>From: "Robert Schneider" <rjschn39@bellsouth.net>
> This notion of accomodation also turns up in medieval commentaries on the
> Six Days. There's an excellent example of it in Thomas Aquinas _Summa
> Theologiae_,
[snip]
> "But since this theory can be seen to be false by solid arguments, it
> should not be maintained that it is the sense of this Scriptural text. Take
> into account, rather, that Moses was speaking to ignorant people and out of
> condescension to their simpleness presented to them only those things that
> are immediately obvious to the senses.
But is this anything more substantial than a rhetorical "dodge"? Note the
two principal hermeneutical options here undestood:
1. Moses had no privileged science-like information and spoke with integrity
within the limited vocabulary and knowledge of the day.
2. Moses did have privileged science-like information but was led by God to
suppress it and to speak as if he knew no more than what could be said
within the limited vocabulary and knowledge of the day.
How would Aquinas or Calvin (or anyone else) be able to tell that option 2
was the correct one?
[snip]
> St.
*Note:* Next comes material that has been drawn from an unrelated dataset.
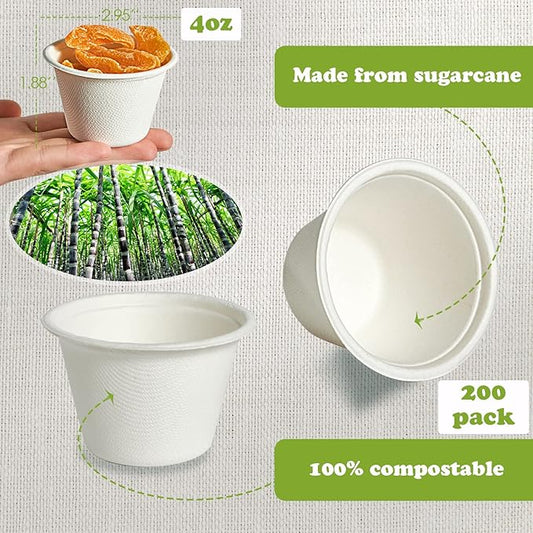 ECOLipak 200 Pack 4 oz Compostable Portion Cups, 100% Biodegradable Souffle Cups, Disposable Paper Cups for Condiment Samples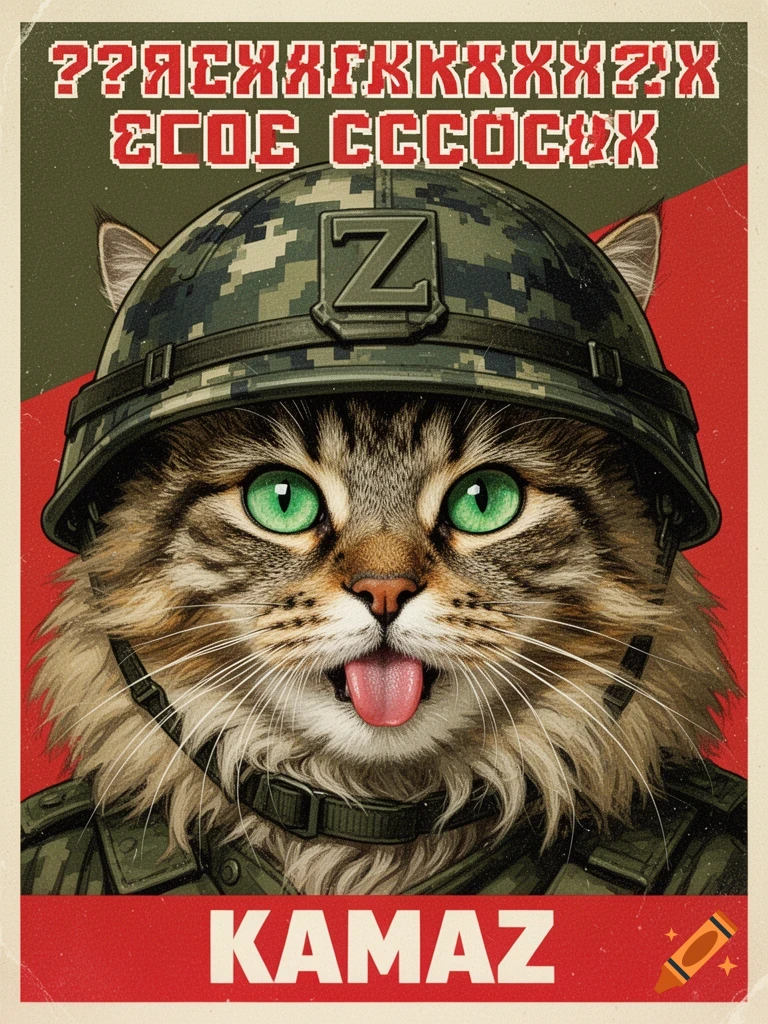 A hyper-realistic close-up portrait of a fluffy gray Siberian cat with bright green eyes, sticking its tongue out playfully. The cat is wearing a digital pixelated camouflage military helmet. The style is a Soviet-era military propaganda poster or socialist realism, with bold stylized graphics, high contrast, and a limited color palette of olive green, black, red, and white. In the background, bold Cyrillic text in red and white: at the top "БООРУЖЕННЫЕ СИЛЫ РОССИИ" (Armed Forces of Russia) and at the bottom "KAMAZ". The letter "Z" is prominently displayed on the side of the helmet or in the background. The image has a slightly grainy, vintage print texture. The mood is ironic and humorous, mixing cuteness with military aesthetics. --style raw --ar 2:3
Thomas is clearly seeking to reconcile the biblical text with the
> dominant scientific theory of his own time, the Aristotelian theory of the
> elements, which makes air lighter than earth and water, and thus above the
> waters of the Earth, where it constitutes Earth's atmosphere.
He was also, it seems, trying to preserve the presupposition that the human
writers of the biblical text had privileged information that could be
suppressed for various reasons.
[snip]
> It does illustrate that
> there is a long history in Christianity of trying to relate biblical texts
> to scientific theory and knowledge, and this was one way, a respected one
> for several centuries, that was used to do so, whatever one might think of
> it today.
To be very candid, I do not find it at all helpful.